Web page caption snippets
________________________

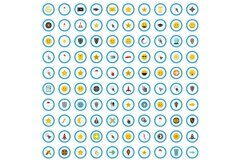 100 interface pictogram icons set, flat style Product Image 1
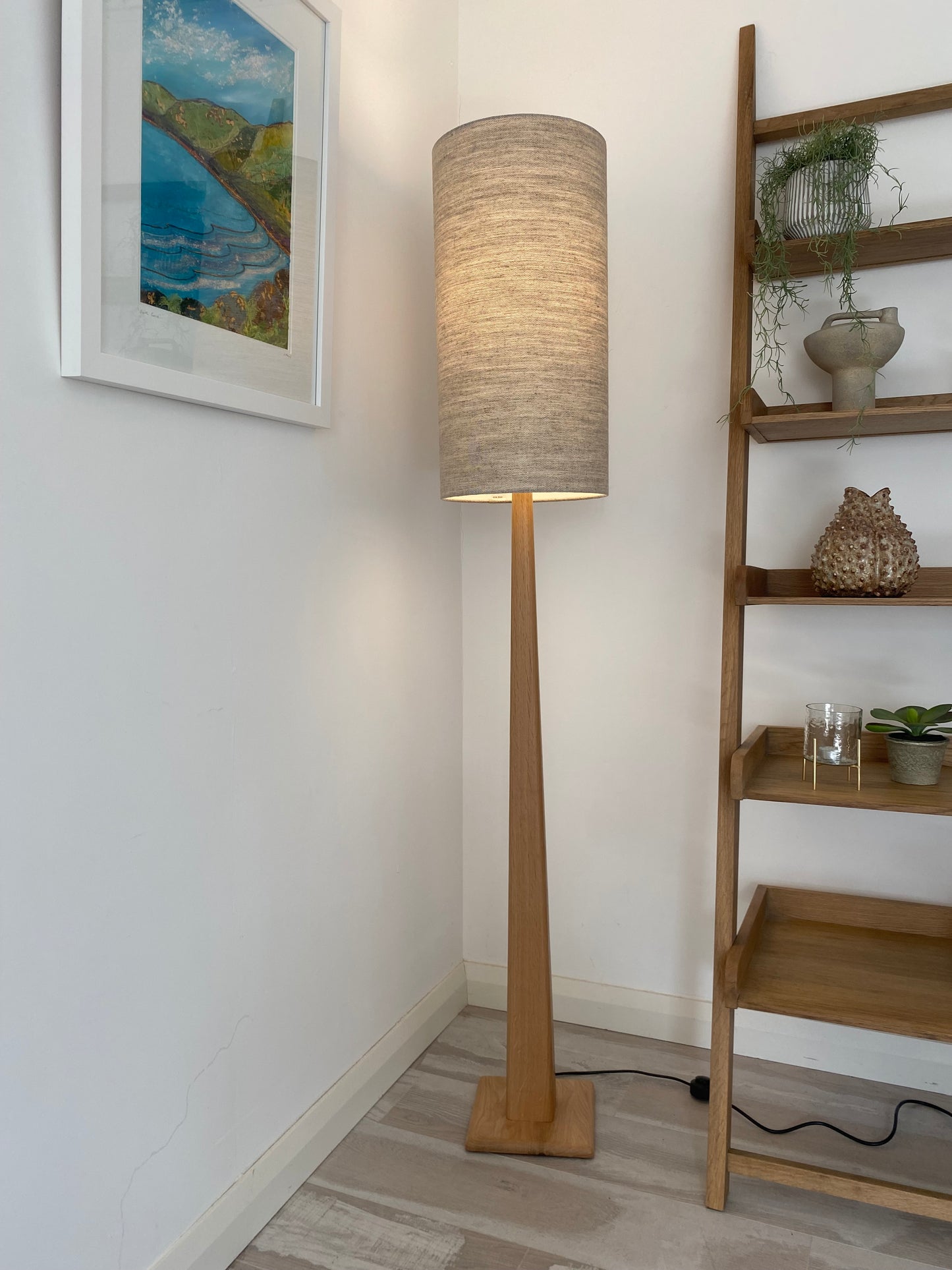 irish linen lampshade oak floor lamp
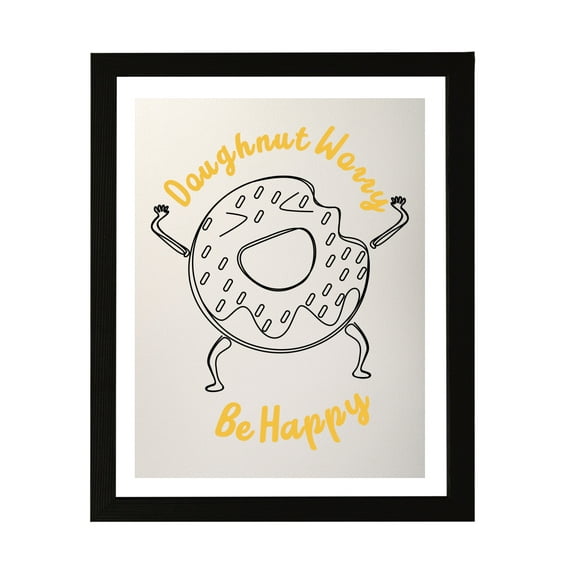 Designs ByLITA Doughnut Worry Be Happy, 8 x 10 Black Wall Print Inspirational (Framed) | Doughnut Retro Kitchen Decoration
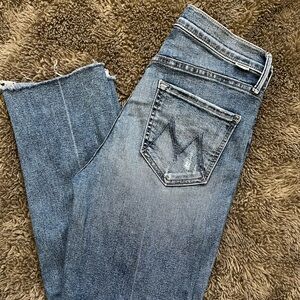 Mother Mid Rise Dazzler Ankle Fray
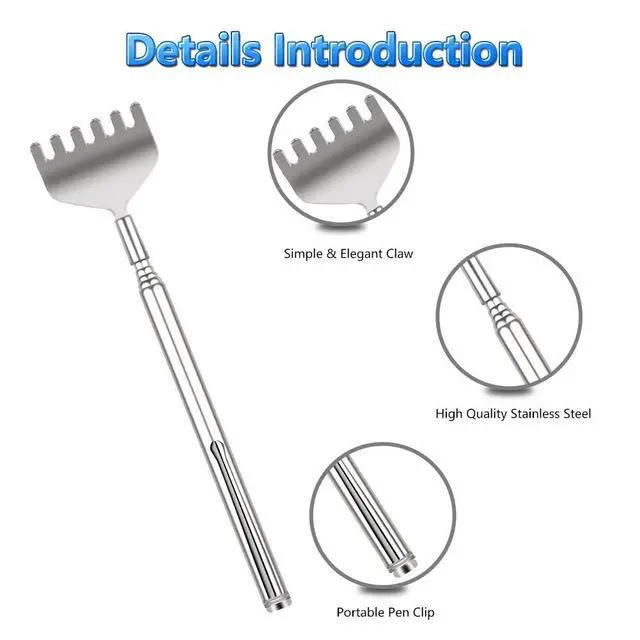 Alt view image 5 of 7 - Extendable Back Scratcher for Men 3 Pack Portable Telescopic Metal Back Scratchers/Hand Massager with Pocket Clip for Thanksgiving, Birthday, Christmas Gifts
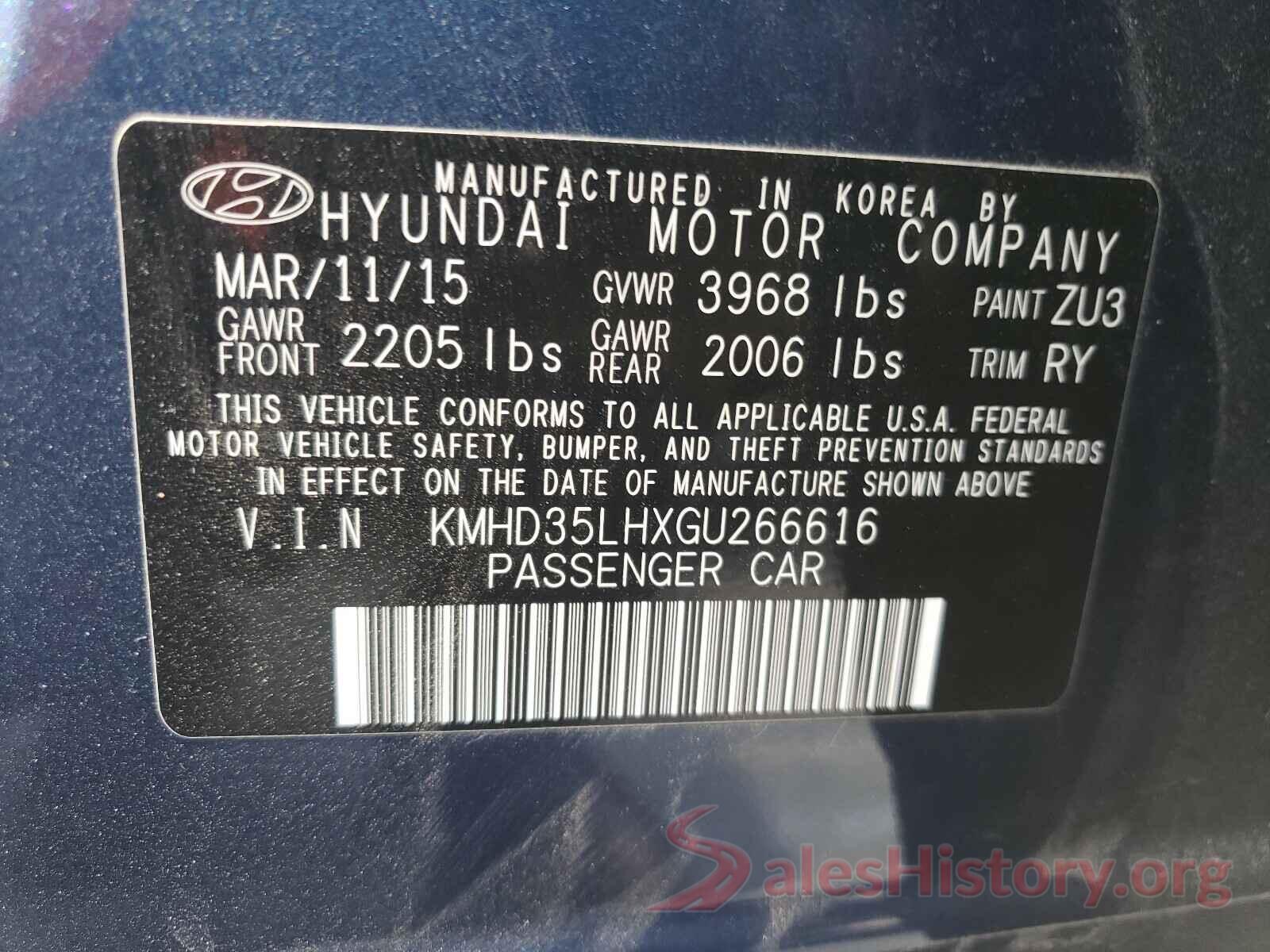 KMHD35LHXGU266616 2016 HYUNDAI ELANTRA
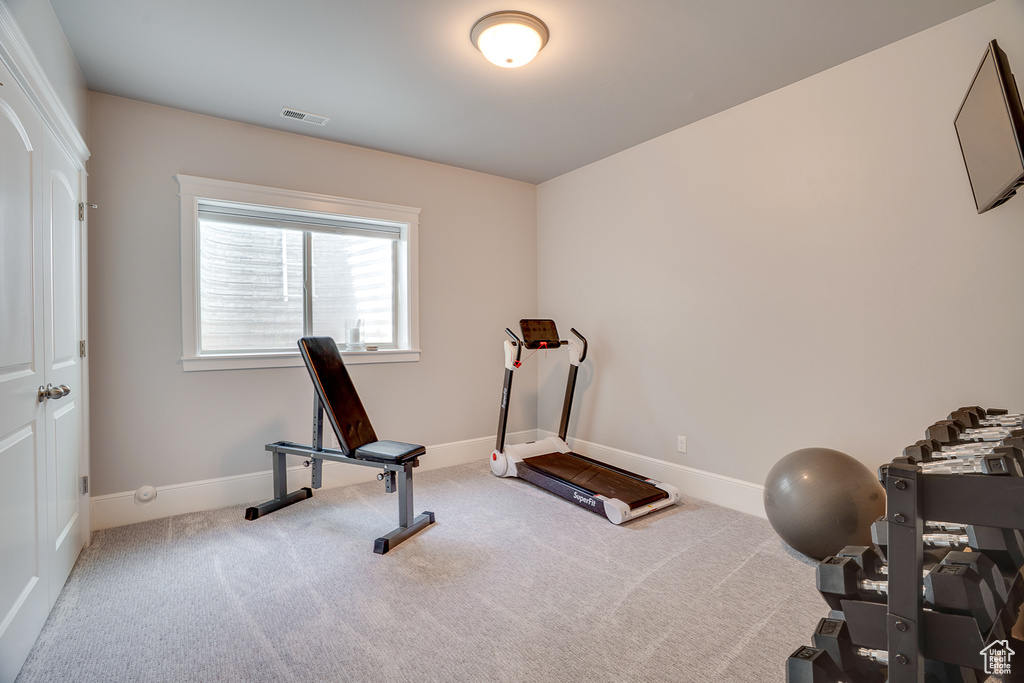 Exercise room featuring carpet floors and baseboards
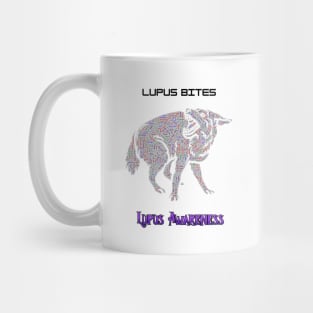 Lupus Bites!  Lupus wolf comprised of Lupus symptoms WordArt. Mug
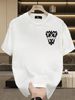 Men's 100% Cotton Black Short Sleeve T-Shirt With Distorted "manant" Heart Logo, Casual Loose Fit, Streetwear Style_viptrois.com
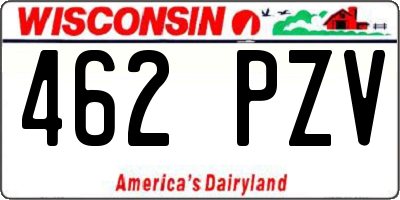 WI license plate 462PZV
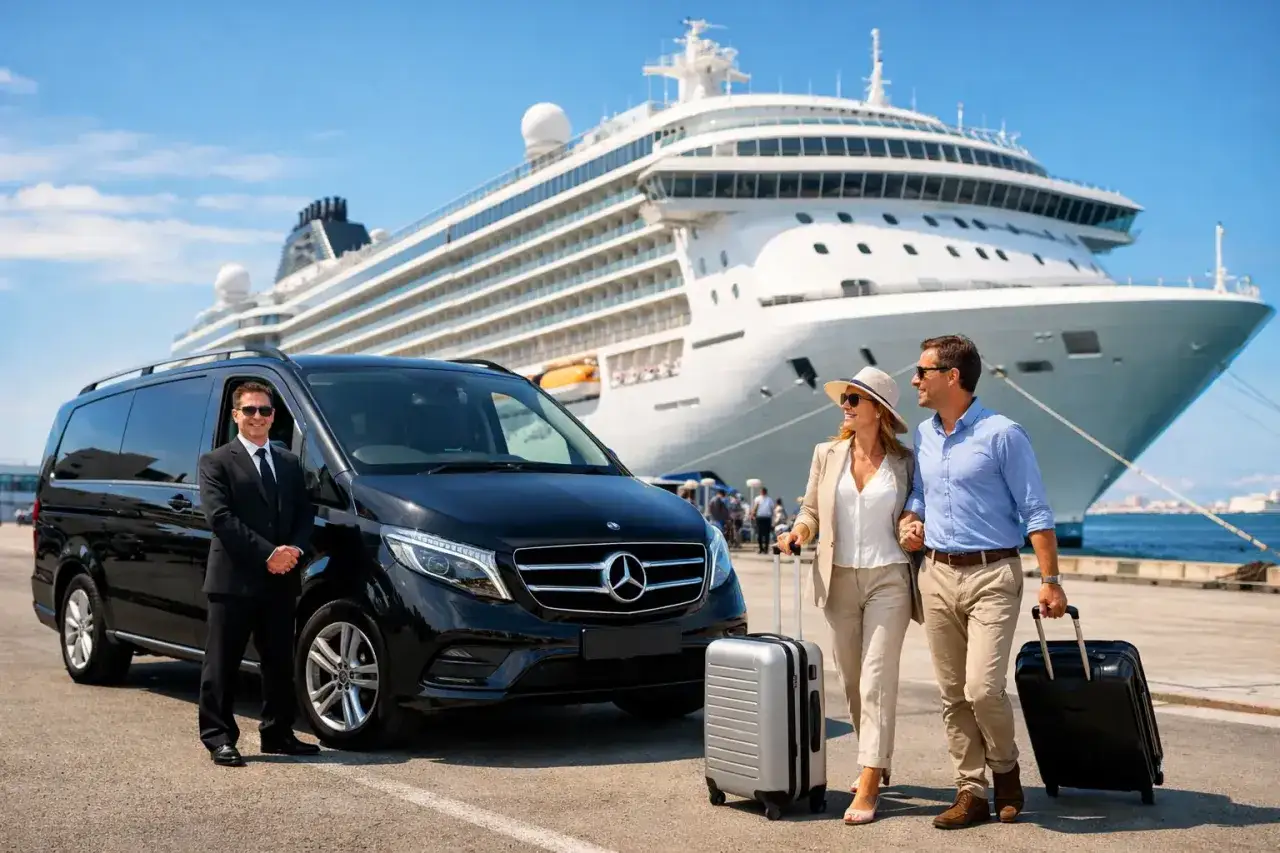 Un couple arrive au port de Civitavecchia, accueilli par un chauffeur devant un luxueux monospace et un immense paquebot de croisière.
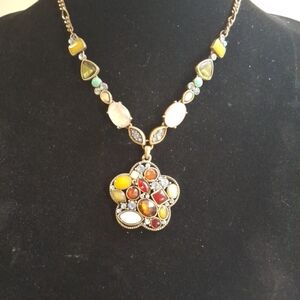 Beaded necklace with flower pendant by CHICO 19" with 2" ext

________________________

Above are some records; quote exactly and only the lines that begin at the line containing "Mother Mid Rise Dazzler Ankle Fray" and stop after the line containing "WI license plate 462PZV", leaving out the pictures.

 Mother Mid Rise Dazzler Ankle Fray
 Alt view image 5 of 7 - Extendable Back Scratcher for Men 3 Pack Portable Telescopic Metal Back Scratchers/Hand Massager with Pocket Clip for Thanksgiving, Birthday, Christmas Gifts
 KMHD35LHXGU266616 2016 HYUNDAI ELANTRA
 Exercise room featuring carpet floors and baseboards
 Lupus Bites!  Lupus wolf comprised of Lupus symptoms WordArt. Mug
 Men's 100% Cotton Black Short Sleeve T-Shirt With Distorted "manant" Heart Logo, Casual Loose Fit, Streetwear Style_viptrois.com
 WI license plate 462PZV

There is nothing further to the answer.